10. The data set generation apparatus of claim 9, wherein the hidden tree generation module comprises:

the ringless connected graph building submodule is used for independently operating a maximum spanning tree building method for each data owner locally, leaf layer hidden variables and explicit variables are used as nodes, the association strength between the variables is used as the weight of a corresponding connecting edge, and the weight and the minimum ringless connected graph are built;

and the hidden tree structure obtaining submodule is used for selecting a root node for the acyclic connected graph, and determining a parent-child relationship for the node pair connected with each connecting edge according to the length of the path of the root node to obtain a hidden tree structure.

11. The data set generation apparatus of claim 7, wherein the data set generation module comprises:

the probability calculation module is used for calculating the conditional probability between each pair of mutually connected parent-child nodes from top to bottom for each data owner according to the generated hidden tree structure under the condition that the differential privacy protection is met;

and the data set generation submodule is used for calculating the probability distribution of the root node in the original data set for each data owner, extracting a generated data set corresponding to the root node according to the probability distribution, calculating the joint distribution probability of the parent-child nodes for each node layer by layer from top to bottom according to the current generated data of the parent node, generating data containing noise for each node according to the joint distribution probability and random distribution, and generating a target data set.

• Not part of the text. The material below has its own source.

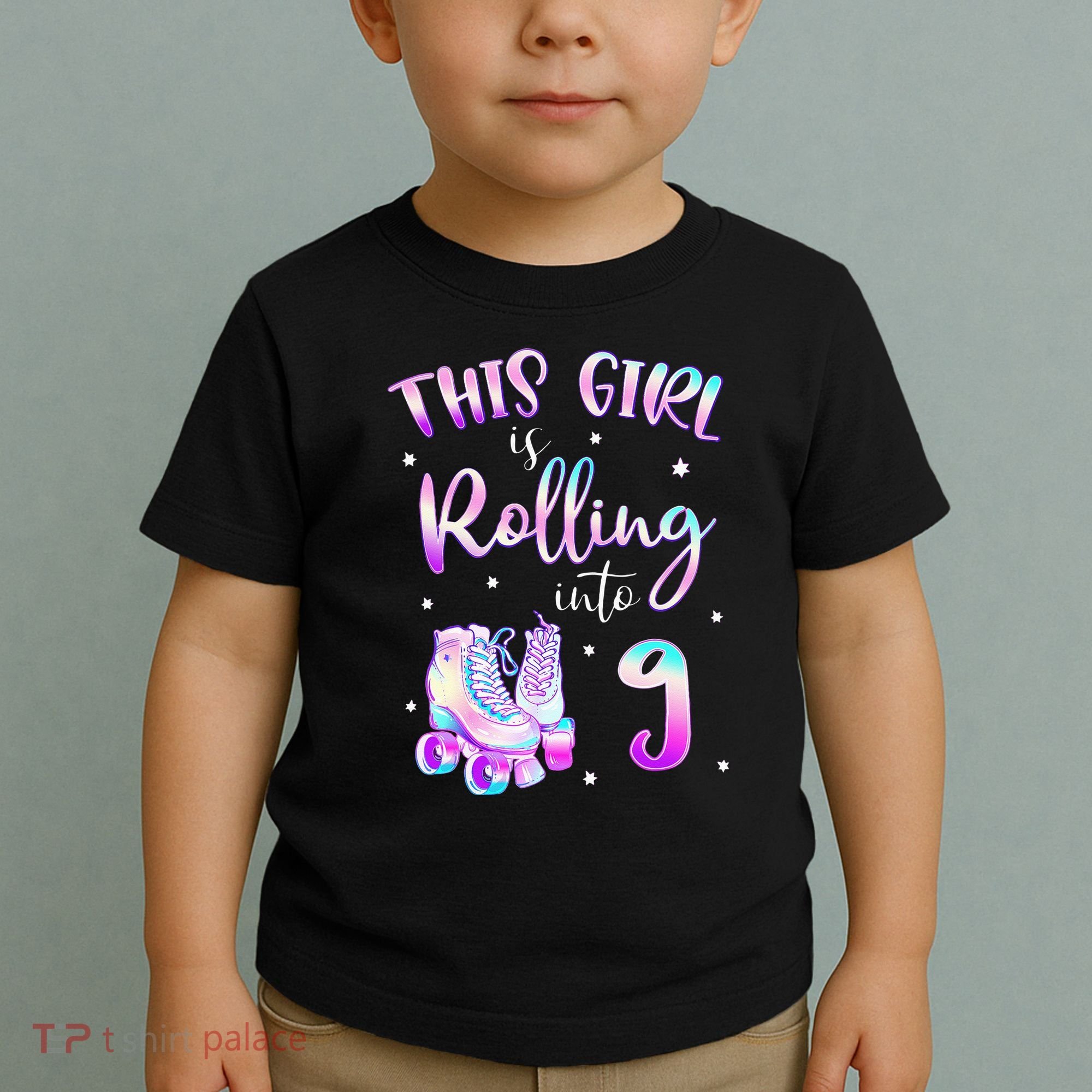 9th Bday Rolling Into 9 Birthday Girl Roller Skate Party Toddler T-Shirt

12. The data set generation apparatus of claim 7, further comprising:

and the publishing module is used for sending messages to other data owners for the data owners who finish the generation of the target data set, waiting for all the data owners to finish the generation of the target data set, and broadcasting the generated target data set to the data owners who cannot finish the generation of the target data set.

13. A data set generating system comprising a plurality of data set generating apparatuses according to any one of claims 7 to 12, wherein each data set generating apparatus corresponds to data processing of a data owner, and all the data set generating apparatuses are connected via a network.

14. A storage medium, comprising a stored program, wherein the program when executed performs the method of any one of claims 1 to 6.

15. A processor, characterized in that the processor is configured to run a program, wherein the program when running performs the method of any of claims 1 to 6.